Конечно, это не так. Именно ошибка первого использования заставила Робина Данбара предположить, что болтовня явилась двигателем языковой эволюции, именно потому, что болтовня — основное, для чего сегодня используется разговорный язык. Если обратиться
Безусловно, сегодня язык — это средство, с помощью которого мы структурируем мир наших мыслей. Но он никогда бы не взлетел так высоко, не развился бы в то, что он представляет собой сегодня, и уж конечно не смог бы поднять мышление на новый уровень, если бы вначале он не явился в мир в качестве реальной формы коммуникации. Как я писал выше, только внешние события могут влиять на происходящее внутри, поскольку лишь внешние события видны естественному отбору.
Хомский и его последователи, которым никогда не нравился естественный отбор, скажут, что в эволюции есть и другие факторы. Они будут твердить, что многое в эволюции происходит под влиянием загадочных, еще не исследованных законов формы, законов развития или других подобных сил. Привлекались даже числа Фибоначчи — странные последовательности цифр, которые будто бы контролируют образование веток на деревьях. Но это все вилами на воде писано. Мы знаем, что естественный отбор действует, и мы знаем, как он порождает новые эволюционные изменения. Такие вещи, как законы форм, могут ограничивать эти изменения, но никто из тех, кого я знаю, не ожидает, что такие законы могут являться их причиной. Ни у кого нет ни малейшей идеи, как эти законы, если они вообще работают, могли породить эффекты языка.
Другой аспект размышлений Хомского о языке, неудачно повлиявший на его идеи по поводу эволюции, это идеализация. Идеализация мгновенности овладения языком.
Некоторых людей, которые занимались вопросами освоения языка у детей, это очень огорчило. В конце концов, детям нужно как минимум два года, прежде чем они станут свободно разговаривать, а поскольку мы продолжаем учить новые слова в течение всей жизни, можно сказать, что овладение языком идет бесконечно, и уж точно нельзя утверждать, что этот процесс моментален.

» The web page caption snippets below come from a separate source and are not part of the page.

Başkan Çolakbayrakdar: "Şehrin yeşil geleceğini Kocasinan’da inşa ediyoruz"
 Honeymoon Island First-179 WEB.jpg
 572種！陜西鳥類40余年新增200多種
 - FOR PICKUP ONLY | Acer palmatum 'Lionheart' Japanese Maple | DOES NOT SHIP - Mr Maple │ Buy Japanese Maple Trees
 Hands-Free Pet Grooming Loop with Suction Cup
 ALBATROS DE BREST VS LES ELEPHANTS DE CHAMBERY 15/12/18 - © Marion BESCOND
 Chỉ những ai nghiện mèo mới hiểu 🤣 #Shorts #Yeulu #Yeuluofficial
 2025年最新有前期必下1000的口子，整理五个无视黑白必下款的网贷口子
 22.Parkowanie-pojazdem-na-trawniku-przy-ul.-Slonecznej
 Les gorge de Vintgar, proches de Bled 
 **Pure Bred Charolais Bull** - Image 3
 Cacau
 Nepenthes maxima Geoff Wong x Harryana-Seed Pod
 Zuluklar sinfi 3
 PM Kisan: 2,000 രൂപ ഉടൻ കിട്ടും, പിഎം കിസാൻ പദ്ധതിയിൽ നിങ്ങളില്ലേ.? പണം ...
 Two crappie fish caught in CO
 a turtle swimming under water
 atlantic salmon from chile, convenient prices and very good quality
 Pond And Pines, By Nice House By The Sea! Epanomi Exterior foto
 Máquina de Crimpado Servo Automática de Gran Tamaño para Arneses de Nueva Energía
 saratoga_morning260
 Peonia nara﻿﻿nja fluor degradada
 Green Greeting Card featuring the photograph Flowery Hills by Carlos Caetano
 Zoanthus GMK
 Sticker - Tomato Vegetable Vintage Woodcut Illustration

Давайте обдумаем это более тщательно. С чего начинают дети? С бессмысленного лепета. И к чему все они, те, которые нормально развиваются, в конце концов приходят? К полному овладению человеческим языком. Есть ли на этом этапе какая-нибудь разница между ними? Ну да, кто-то говорит больше, кто-то четче, но не существует никакого свободного от субъективности способа определить разницу в том, как они говорят. Что бы ни происходило до этого, какие бы нелепые вещи они ни говорили и что бы ни говорили им, на конечный результат это не влияет. Так что этот процесс с тем же успехом мог бы пройти моментально. И если они появились уже экипированными (в каком-то смысле, который надо еще установить) какой-то разновидностью универсальной грамматики (и есть хорошая причина верить, что так оно и есть), то, не будь ограничений, связанных с направленным вниманием, способностью говорить, запоминанием слов и общим опытом и прочим, над чем детям приходится потрудиться, они могли бы славно освоить язык в один момент.
Идеализация мгновенного освоения — идеализация правомерная. На таких строится наука.
К несчастью, Хомский применяет ту же самую идеализацию в вопросе развития языка у биологических видов, а там совсем другая кухня.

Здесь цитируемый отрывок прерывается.